The 32-year-old veteran blue liner recently caught up with Sportsnet’s Chris Johnston to talk about the adversity that his team has faced this season and even acknowledged that he may not be in the team’s short term or long term plans.
“We put ourselves in this position as players,” Phaneuf said of his team’s situation. “When you don’t win hockey games there are questions from the outside. I think everyone’s stood up, they’ve answered them, and the guys have come to work with a professional attitude that we’ve got to work our way out of it.”
As for the rumours? “That’s part of when you don’t have success – changes happen,” admits Phaneuf. “There’s talk of change, and we’re living that.”
While the Sens would likely jump at the chance to rid themselves of Phaneuf’s $7 million salary for the next three seasons, they’re unlikely to find a trade partner unless GM Pierre Dorion can convince team owner Eugene Melnyk to retain some salary. We all know how that conversation is likely to play out…

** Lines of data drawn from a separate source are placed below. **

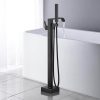 wowow oil rubbed bronze floor mount freestanding tub faucet with hand shower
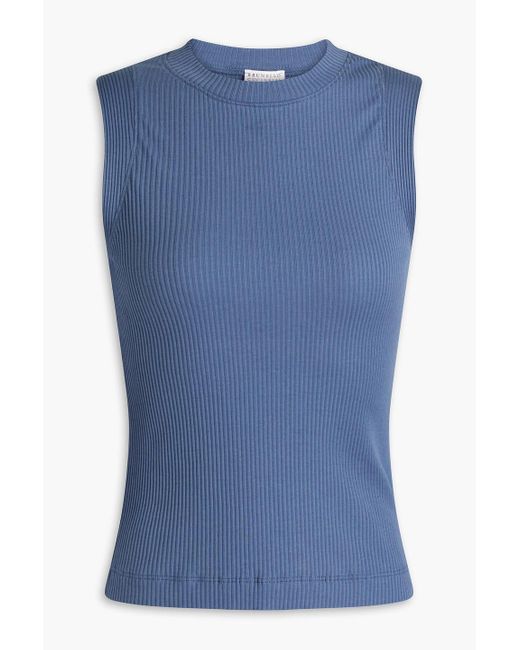 Brunello Cucinelli Blue Bead-embellished Ribbed Cotton-jersey Tank
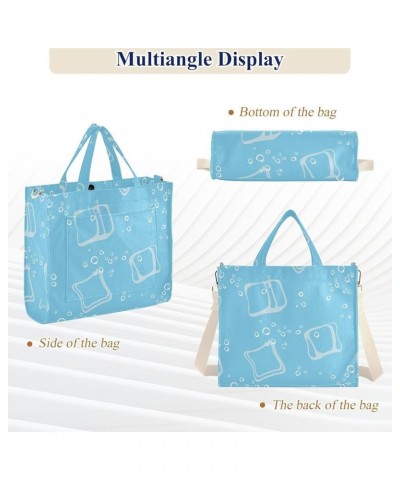 Ice Cube Sparkling Water Blue Women's Tote Handbags Top Handle Satchel Shoulder Bag Crossbody Bag for Office Travel S $12.30 ...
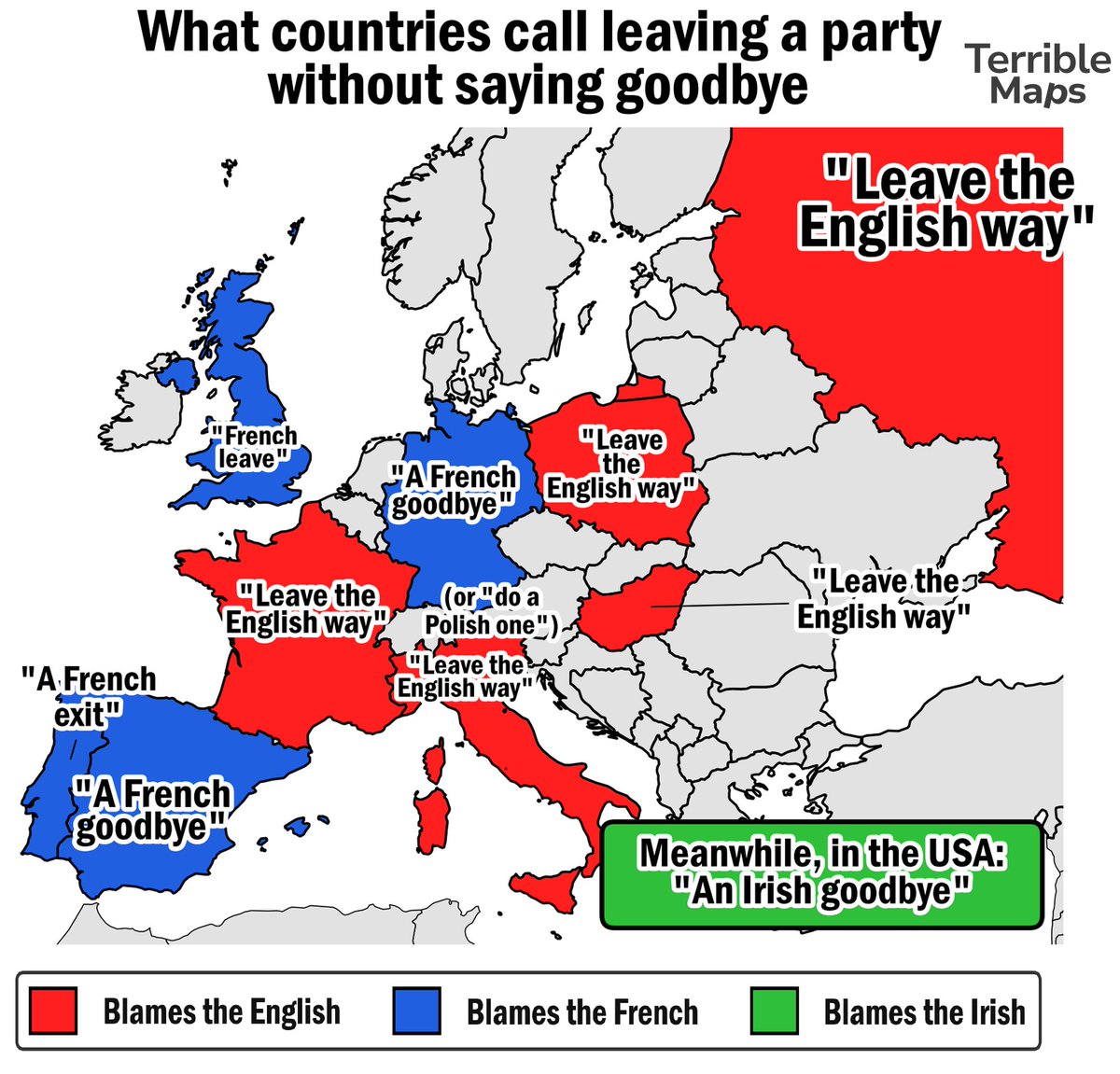 TerribleMaps's tweet photo. What countries call leaving a party without saying goodbye https://t.co/O3FudtoNkm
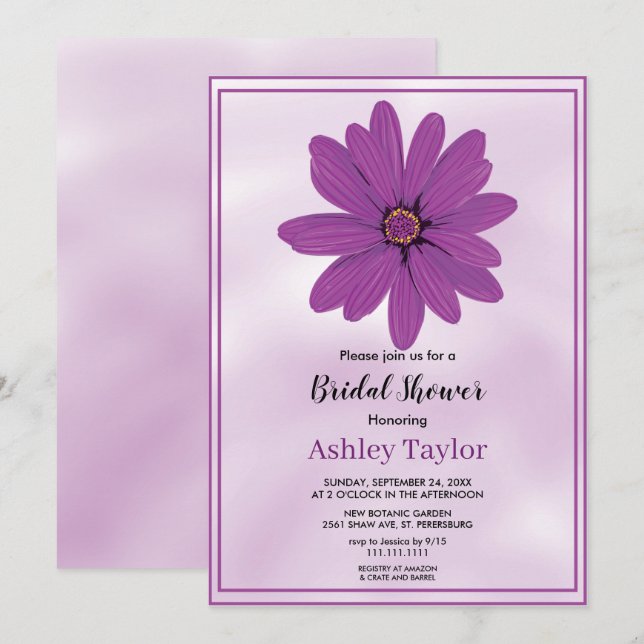 Boho dusty purple greenery floral Bridal Shower Invitation (Front/Back)
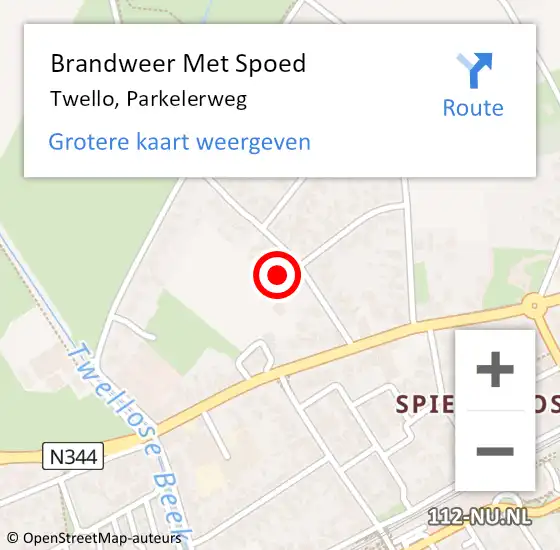 Locatie op kaart van de 112 melding: Brandweer Met Spoed Naar Twello, Parkelerweg op 15 augustus 2021 14:26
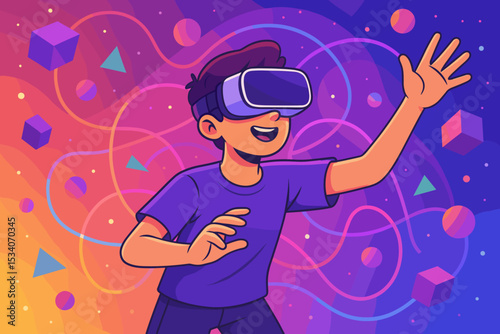 Boy in VR glasses explores metaverse. Man with headset in virtual reality. Futuristic technology, gaming, cyberspace concept. Person interacting with abstract digital world. Vector.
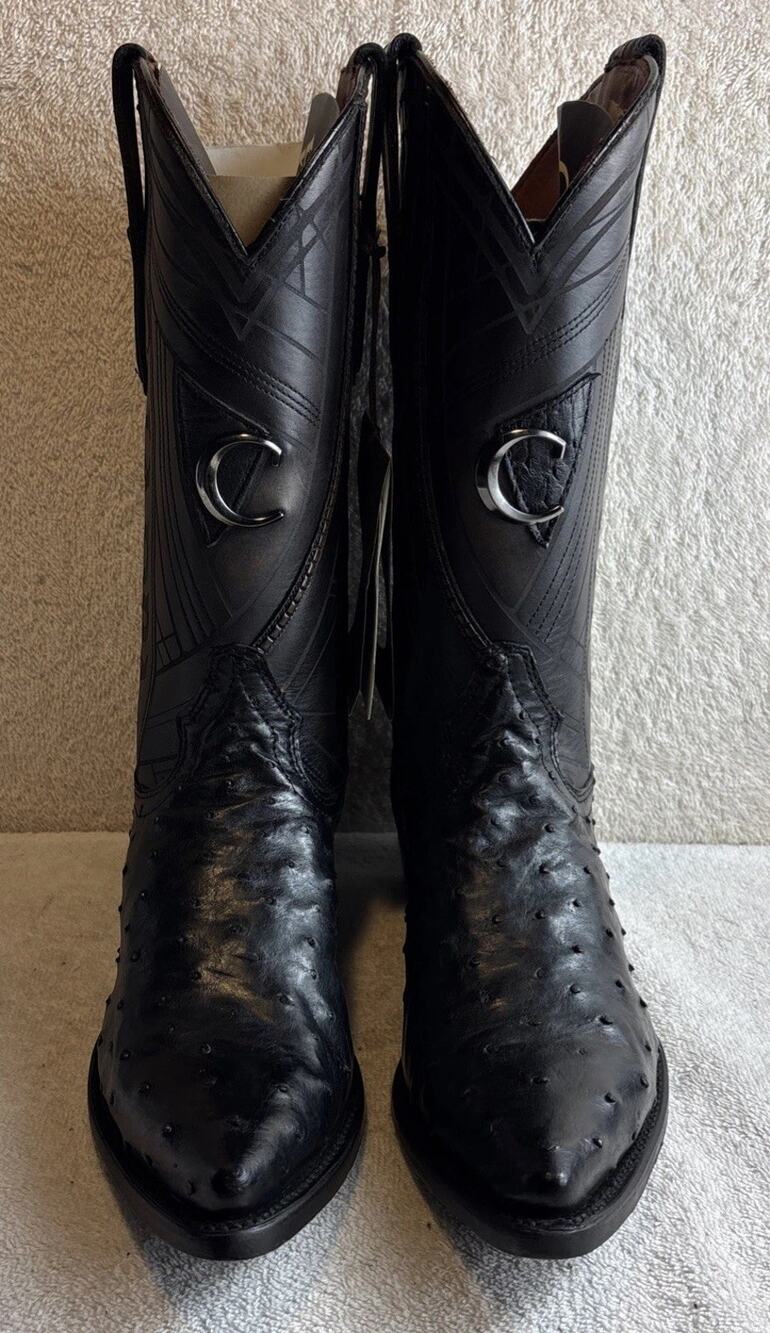 Cuadra Men Black Ostrich Leather Cowboy Boot Men Size 7.5 EE Pointed 26684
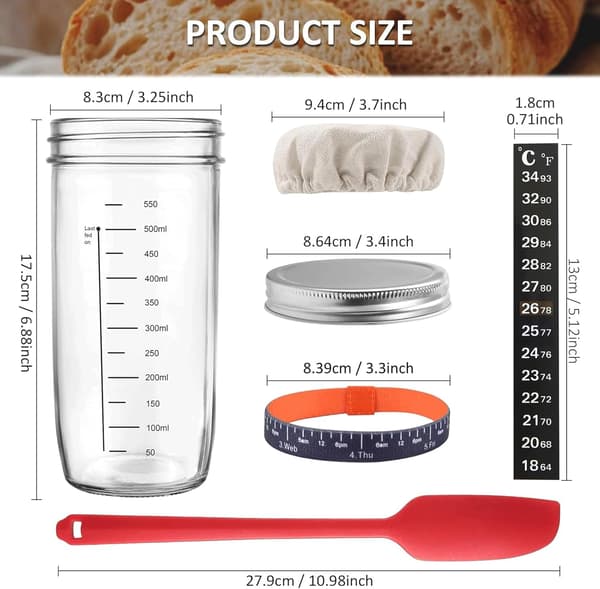 Surdejsstarterkrukke, surdejsstarterkit, 710 ml genanvendelig surdejskrukke til hjemmebagning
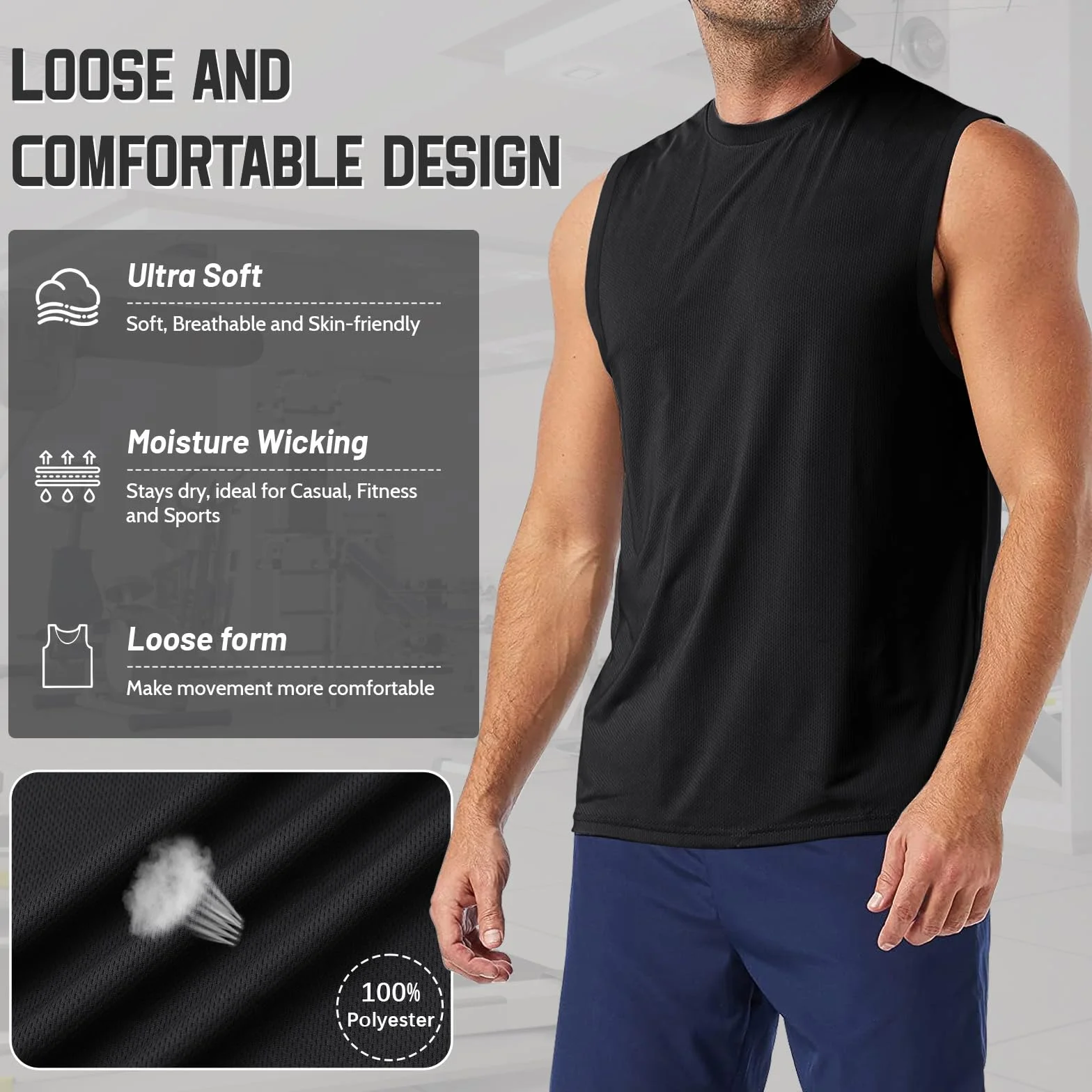 MEETYOO Lot de 5 Débardeurs Homme, Sous-Vêtement Technique sans Manches, T-Shirt Respirant Gainant pour Running, Fitness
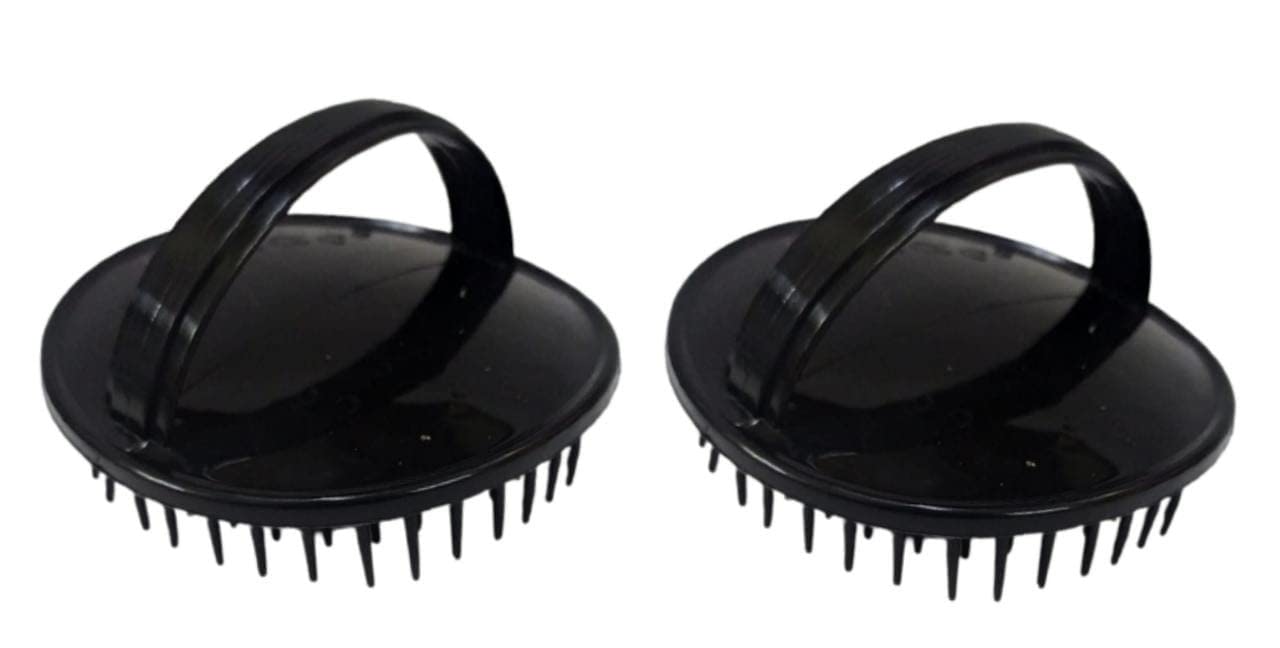 **Round Plastic Hair Washing Comb & Scalp Massager – 2 Pack Black Shower Brush for Men & Women – Gentle Hair Detangling & Relaxing Scalp Care – Perfect for Shower, Salon & Home Use**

But, stranger things have happened and, as Johnston points out, Phaneuf has only limited control over his future, with a 12-team trade list as part of his agreement. There was a time when Leafs fans thought there’s no way Leafs management would be able to rid themselves of Phaneuf’s deal, but somehow GM Lou Lamoriello was able to swing a blockbuster nine-player deal with Dorion that netted the Leafs Jared Cowen, Colin Greening, Milan Michalek, Tobias Lindberg and a second round pick. None of those players ended up making an impact with the Leafs, but Greening still has a home in the organization as one of the Toronto Marlies’ alternate captains.
No stranger to adversity, Phaneuf was the Leafs’ captain during one of their most dismal periods. Can he draw some parallels between his time in Toronto and this season with the Sens?
“The thing is, when you’re not getting results and you struggle like the month and a half we had, it does wear on you as a player. But as a professional you have got to come and do your job,” said Phaneuf. “You’ve got to put the work in and you’ve got to work for your teammates because ultimately we’re the only ones that are going to get ourselves out of it. We’ve been open about it. I feel the group has really taken ownership of [the fact] ‘it’s on us, we haven’t played well enough.”’
Whether he remains in the Sens’ plans long-term or not, it’s clear that Phaneuf still holds a place in his heart for his former team and the Battle of Ontario.
“I’ll always remember Toronto and the way that the city treated me, coming back for the first game and the standing ovation. I mean those are things that I can’t even explain to you how they feel when you live it,” said Phaneuf. “These are big games. I’ve got to play on both sides of the Battle of Ontario. What a great thing to say.”